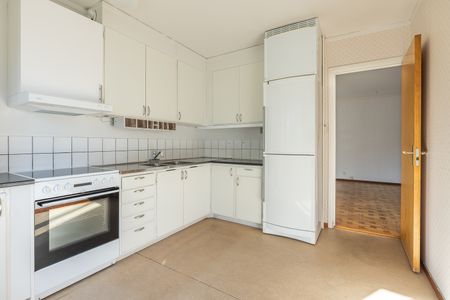 Kraftkärrsvägen, Finspång - Photo 5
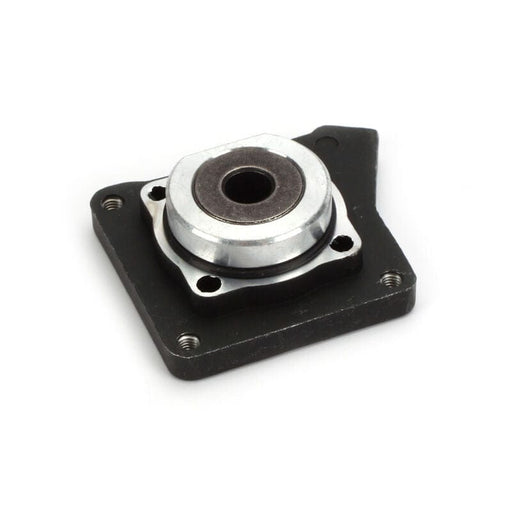 DYN0718 Replacement Backplate for Mach 2 .19T Engine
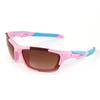 Gafas de Sol para Ciclismo para Niños Deportes Transfronterizos Tecnología Futura Gafas de Sol de Moda Niños Europeas y Americanas Protección UV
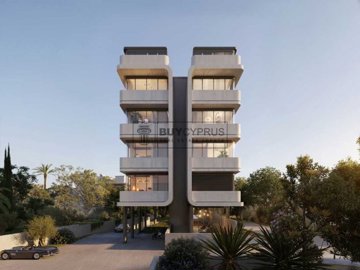 Apartment For Sale  in  St Raphael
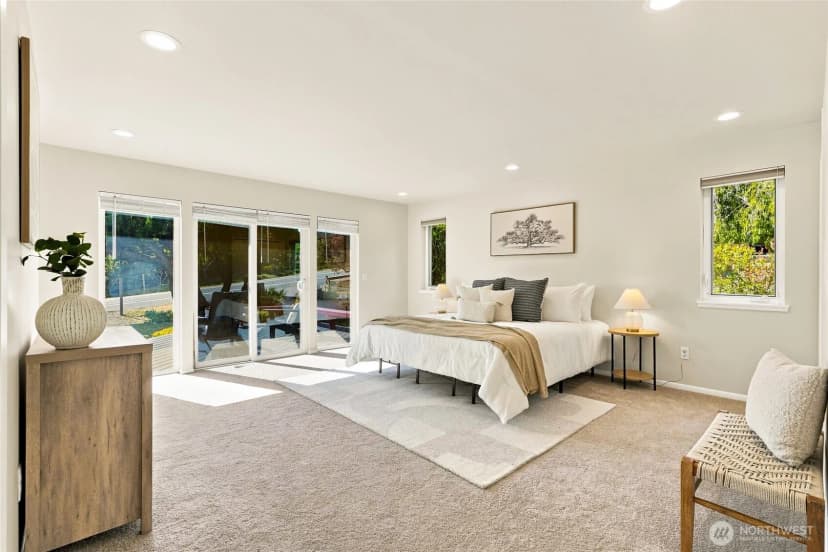 Property photo for 18112 60th Avenue Ne, Kenmore photo 22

WHAT TO PRODUCE: Write out exactly the lines of the material above, starting with the first and finishing with the line that contains "Apartment For Sale", without pictures.

ANSWER TO THIS PROBLEM:
 Kraftkärrsvägen, Finspång - Photo 5
 DYN0718 Replacement Backplate for Mach 2 .19T Engine
 Gafas de Sol para Ciclismo para Niños Deportes Transfronterizos Tecnología Futura Gafas de Sol de Moda Niños Europeas y Americanas Protección UV
 Apartment For Sale  in  St Raphael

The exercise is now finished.